Figure 23.8: Posterior distribution for alpha and beta.

Posterior distribution for alpha and beta.

Visually inspect the posterior estimates of Figure 23.8. Recall that these are components of a linear predictor (i.e. \(\alpha + \beta x\)). If the linear predictor is zero, that corresponds to a probability of 50% (see Figure 23.9). Hence, values for \(\alpha < 0\) would imply base conversion rates less than 50%. Values for \(\beta\) indicate whether that base probability should be adjusted up or down; \(\beta < 0\) implies a negative effect for the yoga stretching routine and \(\beta > 0\) indicates that the effect is positive.

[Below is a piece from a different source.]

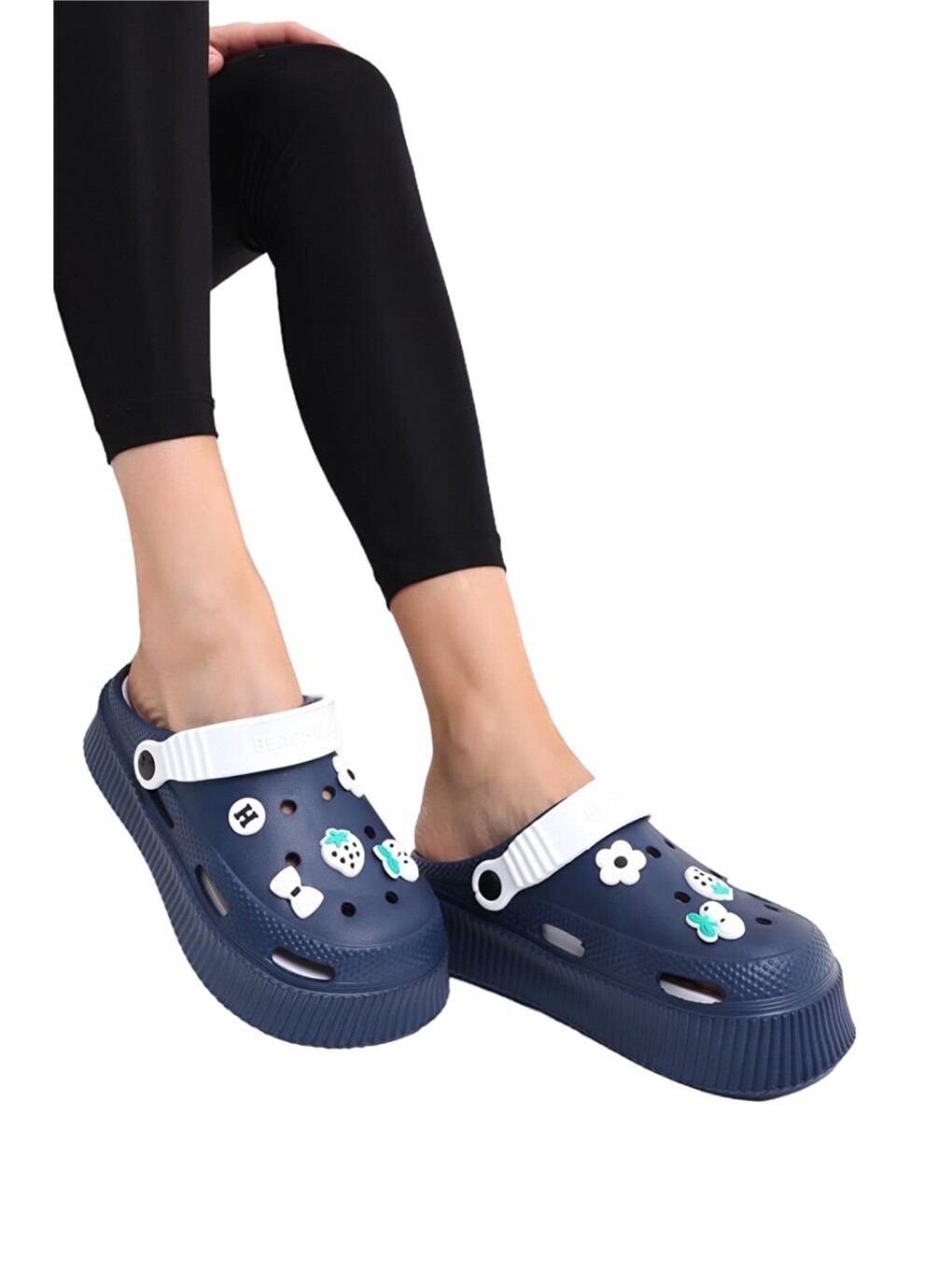 Lacivert Yüksek Comfort Taban Kadın Sandalet Lacİvert - Beyaz-3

Graph of the logistic function (aka the inverse logit function).  The linear predictor in our case is alpha + beta * x.  The role of the ilogit function is to map this linear predictor to a scale bounded by zero and one.  This essentailly takes any number from -infinity to infinty and provides a probability value as an output. Figure 23.9: Graph of the logistic function (aka the inverse logit function). The linear predictor in our case is alpha + beta * x. The role of the ilogit function is to map this linear predictor to a scale bounded by zero and one. This essentailly takes any number from -infinity to infinty and provides a probability value as an output.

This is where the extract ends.